Rencontre avec la vielliste Lise Barkas
La musicienne Lise Barkas fait partie de cette foisonnante scène strasbourgeoise qui n’a pas peur des expérimentations. Elle nous parle de son parcours, de ses instruments (la vielle à roue et la cornemuse) et de son processus créatif.
Comment es-tu venue à la vielle à roue et à la cornemuse ?

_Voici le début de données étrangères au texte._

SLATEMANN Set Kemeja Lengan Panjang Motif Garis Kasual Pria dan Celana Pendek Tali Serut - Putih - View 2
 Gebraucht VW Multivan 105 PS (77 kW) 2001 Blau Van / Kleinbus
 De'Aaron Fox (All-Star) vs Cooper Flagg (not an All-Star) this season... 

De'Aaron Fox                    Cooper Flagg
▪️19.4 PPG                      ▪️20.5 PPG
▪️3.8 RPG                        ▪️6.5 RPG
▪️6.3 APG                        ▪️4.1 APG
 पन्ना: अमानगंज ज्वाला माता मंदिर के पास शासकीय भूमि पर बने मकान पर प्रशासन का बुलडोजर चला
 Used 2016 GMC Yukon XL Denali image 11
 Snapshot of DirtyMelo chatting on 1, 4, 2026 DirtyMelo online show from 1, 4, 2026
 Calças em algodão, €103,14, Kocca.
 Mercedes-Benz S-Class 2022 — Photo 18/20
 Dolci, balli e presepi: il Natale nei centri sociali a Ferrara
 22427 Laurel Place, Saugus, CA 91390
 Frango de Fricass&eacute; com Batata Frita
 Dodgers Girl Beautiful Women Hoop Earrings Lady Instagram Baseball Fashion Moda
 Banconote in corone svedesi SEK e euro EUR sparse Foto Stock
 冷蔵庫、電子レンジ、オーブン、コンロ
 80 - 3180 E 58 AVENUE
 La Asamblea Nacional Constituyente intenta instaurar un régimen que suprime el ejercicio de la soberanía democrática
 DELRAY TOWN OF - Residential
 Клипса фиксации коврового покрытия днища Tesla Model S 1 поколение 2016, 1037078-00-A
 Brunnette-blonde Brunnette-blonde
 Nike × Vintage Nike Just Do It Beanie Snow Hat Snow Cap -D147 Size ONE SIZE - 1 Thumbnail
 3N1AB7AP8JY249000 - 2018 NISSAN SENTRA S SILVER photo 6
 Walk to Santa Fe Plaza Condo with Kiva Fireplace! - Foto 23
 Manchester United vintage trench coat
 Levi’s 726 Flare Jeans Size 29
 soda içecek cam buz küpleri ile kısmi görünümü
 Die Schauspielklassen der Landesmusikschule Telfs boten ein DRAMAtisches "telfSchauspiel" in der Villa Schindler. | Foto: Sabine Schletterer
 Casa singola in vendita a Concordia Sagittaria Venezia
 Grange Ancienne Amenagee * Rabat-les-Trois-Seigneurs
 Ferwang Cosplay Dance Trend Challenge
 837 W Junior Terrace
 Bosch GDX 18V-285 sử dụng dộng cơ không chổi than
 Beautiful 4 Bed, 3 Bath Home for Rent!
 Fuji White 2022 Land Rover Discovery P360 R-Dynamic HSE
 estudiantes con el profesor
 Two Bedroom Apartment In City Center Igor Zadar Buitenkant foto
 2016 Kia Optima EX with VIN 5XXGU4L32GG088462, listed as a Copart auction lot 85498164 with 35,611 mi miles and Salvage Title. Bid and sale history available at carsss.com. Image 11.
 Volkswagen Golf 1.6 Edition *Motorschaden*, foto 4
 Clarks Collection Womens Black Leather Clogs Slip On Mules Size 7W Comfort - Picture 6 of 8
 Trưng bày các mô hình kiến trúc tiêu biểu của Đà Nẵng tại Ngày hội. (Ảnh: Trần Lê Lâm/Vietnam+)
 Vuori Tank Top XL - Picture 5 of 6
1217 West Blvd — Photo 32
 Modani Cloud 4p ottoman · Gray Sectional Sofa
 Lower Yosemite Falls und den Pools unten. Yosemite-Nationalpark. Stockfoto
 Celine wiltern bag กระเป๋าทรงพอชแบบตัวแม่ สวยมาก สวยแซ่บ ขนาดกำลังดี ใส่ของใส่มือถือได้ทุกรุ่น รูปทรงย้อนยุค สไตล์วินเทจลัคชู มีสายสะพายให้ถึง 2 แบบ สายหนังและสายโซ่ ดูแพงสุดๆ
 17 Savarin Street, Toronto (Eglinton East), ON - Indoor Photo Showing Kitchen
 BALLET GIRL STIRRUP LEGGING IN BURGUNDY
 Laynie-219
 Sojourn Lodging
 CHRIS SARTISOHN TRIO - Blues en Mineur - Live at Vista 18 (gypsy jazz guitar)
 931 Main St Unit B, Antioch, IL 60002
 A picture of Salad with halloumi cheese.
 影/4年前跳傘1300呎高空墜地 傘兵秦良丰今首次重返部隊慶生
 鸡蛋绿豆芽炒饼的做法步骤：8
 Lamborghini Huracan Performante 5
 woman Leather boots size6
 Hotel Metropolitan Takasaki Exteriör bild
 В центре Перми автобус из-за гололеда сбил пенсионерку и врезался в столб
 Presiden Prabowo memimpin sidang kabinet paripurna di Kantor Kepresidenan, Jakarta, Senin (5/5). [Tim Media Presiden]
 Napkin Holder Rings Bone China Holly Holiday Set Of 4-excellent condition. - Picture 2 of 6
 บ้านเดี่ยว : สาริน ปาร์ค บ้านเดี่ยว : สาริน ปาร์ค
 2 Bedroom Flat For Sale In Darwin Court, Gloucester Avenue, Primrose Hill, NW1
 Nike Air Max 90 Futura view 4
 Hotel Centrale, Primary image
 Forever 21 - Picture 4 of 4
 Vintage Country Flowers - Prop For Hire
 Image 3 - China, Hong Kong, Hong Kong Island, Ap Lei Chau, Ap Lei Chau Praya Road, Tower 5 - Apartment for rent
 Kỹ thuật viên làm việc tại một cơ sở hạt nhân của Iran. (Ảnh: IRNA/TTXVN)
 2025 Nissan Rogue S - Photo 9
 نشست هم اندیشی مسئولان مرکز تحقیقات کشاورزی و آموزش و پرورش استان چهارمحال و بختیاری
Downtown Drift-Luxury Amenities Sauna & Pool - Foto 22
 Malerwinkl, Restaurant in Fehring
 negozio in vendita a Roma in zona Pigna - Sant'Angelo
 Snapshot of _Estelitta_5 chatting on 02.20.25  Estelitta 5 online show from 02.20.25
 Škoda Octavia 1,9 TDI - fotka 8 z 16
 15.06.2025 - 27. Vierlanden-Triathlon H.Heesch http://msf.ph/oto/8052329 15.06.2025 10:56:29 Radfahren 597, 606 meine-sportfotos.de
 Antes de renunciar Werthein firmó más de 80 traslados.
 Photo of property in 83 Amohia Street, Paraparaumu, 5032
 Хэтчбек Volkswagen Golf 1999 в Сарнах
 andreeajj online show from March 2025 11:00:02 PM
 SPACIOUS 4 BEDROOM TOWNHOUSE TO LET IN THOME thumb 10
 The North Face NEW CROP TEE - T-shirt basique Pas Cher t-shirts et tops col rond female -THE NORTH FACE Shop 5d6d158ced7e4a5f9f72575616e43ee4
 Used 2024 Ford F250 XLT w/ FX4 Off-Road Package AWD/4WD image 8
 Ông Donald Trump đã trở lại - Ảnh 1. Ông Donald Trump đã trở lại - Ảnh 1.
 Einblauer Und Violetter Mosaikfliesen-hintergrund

J’en ai entendu dans des musiques quand j’étais ado. Je me demandais ce qu’était cet instrument. J’ai entendu de la vielle dans Coil. C’était plutôt de la musique avec des synthés modulaires, donc pas vraiment des instruments acoustiques. Ça m’a vraiment intrigué. J’ai regardé tout ce qu’il y avait autour de la vielle. Je voulais comprendre comment ça marche et j’ai fini par en jouer. Puis petit à petit en découvrant les bals folk, j’ai découvert la cornemuse. Ce sont deux instruments souvent joués ensemble. Et comme le mari de ma professeure de vielle enseignait la cornemuse, je m’y suis mise. C’est plus le son qui m’a attirée que le répertoire.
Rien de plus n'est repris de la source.